SELECT sequence_match('(?1)(?2)', date, number = 1, number = 5) FROM sequence_match_test3;

+----------------------------------------------------------------+
| sequence_match('(?1)(?2)', `date`, `number` = 1, `number` = 5) |
+----------------------------------------------------------------+
| 1 |
+----------------------------------------------------------------+

This is a very simple example. The function found the event chain where number 5 follows number 1. It skipped number 7,3,4 between them, because the number is not described as an event. If we want to take this number into account when searching for the event chain given in the example, we should make a condition for it.

Now, perform this query:

SELECT sequence_match('(?1)(?2)', date, number = 1, number = 5, number = 4) FROM sequence_match_test3;

+------------------------------------------------------------------------------+
| sequence_match('(?1)(?2)', `date`, `number` = 1, `number` = 5, `number` = 4) |
+------------------------------------------------------------------------------+
| 0 |
+------------------------------------------------------------------------------+

The result is kind of confusing. In this case, the function couldn’t find the event chain matching the pattern, because the event for number 4 occurred between 1 and 5. If in the same case we checked the condition for number 6, the sequence would match the pattern.
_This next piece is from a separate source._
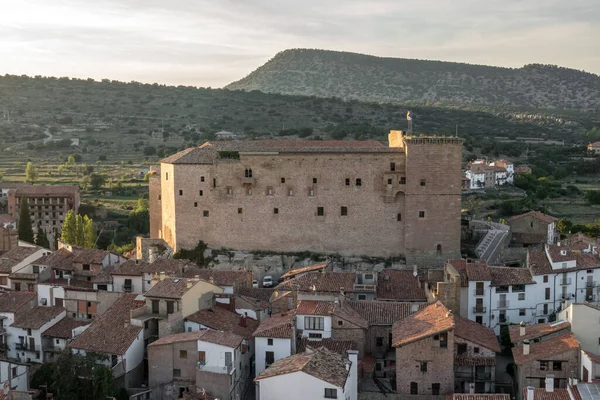 Kasteel Mora de Rubielos in Teruel Spanje Gudar Sierra — Stockfoto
SELECT sequence_match('(?1)(?2)', date, number = 1, number = 5, number = 6) FROM sequence_match_test3;

+------------------------------------------------------------------------------+
| sequence_match('(?1)(?2)', `date`, `number` = 1, `number` = 5, `number` = 6) |
+------------------------------------------------------------------------------+
| 1 |
+------------------------------------------------------------------------------+

keywords

SEQUENCE_MATCH